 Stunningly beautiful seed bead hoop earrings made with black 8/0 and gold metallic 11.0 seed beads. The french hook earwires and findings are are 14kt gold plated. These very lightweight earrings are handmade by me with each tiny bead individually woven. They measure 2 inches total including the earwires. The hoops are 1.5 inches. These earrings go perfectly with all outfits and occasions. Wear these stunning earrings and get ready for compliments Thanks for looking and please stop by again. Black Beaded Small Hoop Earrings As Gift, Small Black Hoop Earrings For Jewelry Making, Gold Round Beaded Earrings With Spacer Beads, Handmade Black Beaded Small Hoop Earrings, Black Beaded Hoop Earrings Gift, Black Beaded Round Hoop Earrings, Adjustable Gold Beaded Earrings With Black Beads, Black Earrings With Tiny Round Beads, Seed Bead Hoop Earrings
##############################
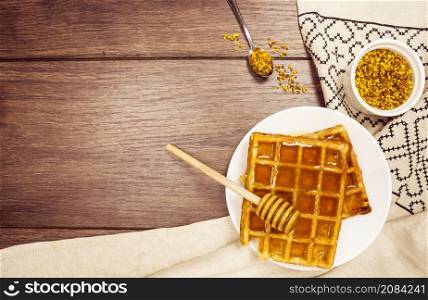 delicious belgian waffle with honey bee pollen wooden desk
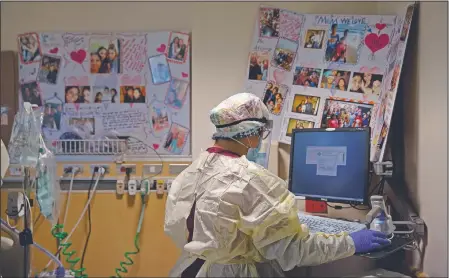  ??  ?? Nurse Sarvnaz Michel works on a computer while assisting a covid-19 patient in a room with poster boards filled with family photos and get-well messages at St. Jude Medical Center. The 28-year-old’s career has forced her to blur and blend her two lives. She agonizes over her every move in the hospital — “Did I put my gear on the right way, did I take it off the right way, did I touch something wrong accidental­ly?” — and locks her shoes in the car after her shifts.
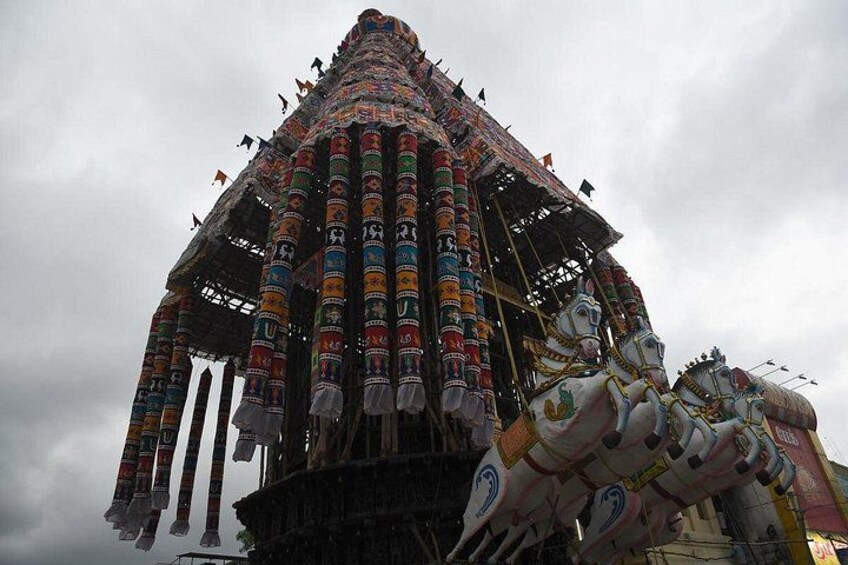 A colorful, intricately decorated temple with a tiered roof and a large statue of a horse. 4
##############################
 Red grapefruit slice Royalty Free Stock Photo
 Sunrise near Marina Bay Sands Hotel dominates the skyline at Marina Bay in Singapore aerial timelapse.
##############################
▸ Instructions for the task
Send back an exact copy of only the lines from the line with "Red grapefruit slice" up to and including the line with "Sunrise near Marina" in the data above.

▸ Written reply
 Red grapefruit slice Royalty Free Stock Photo
 Sunrise near Marina Bay Sands Hotel dominates the skyline at Marina Bay in Singapore aerial timelapse.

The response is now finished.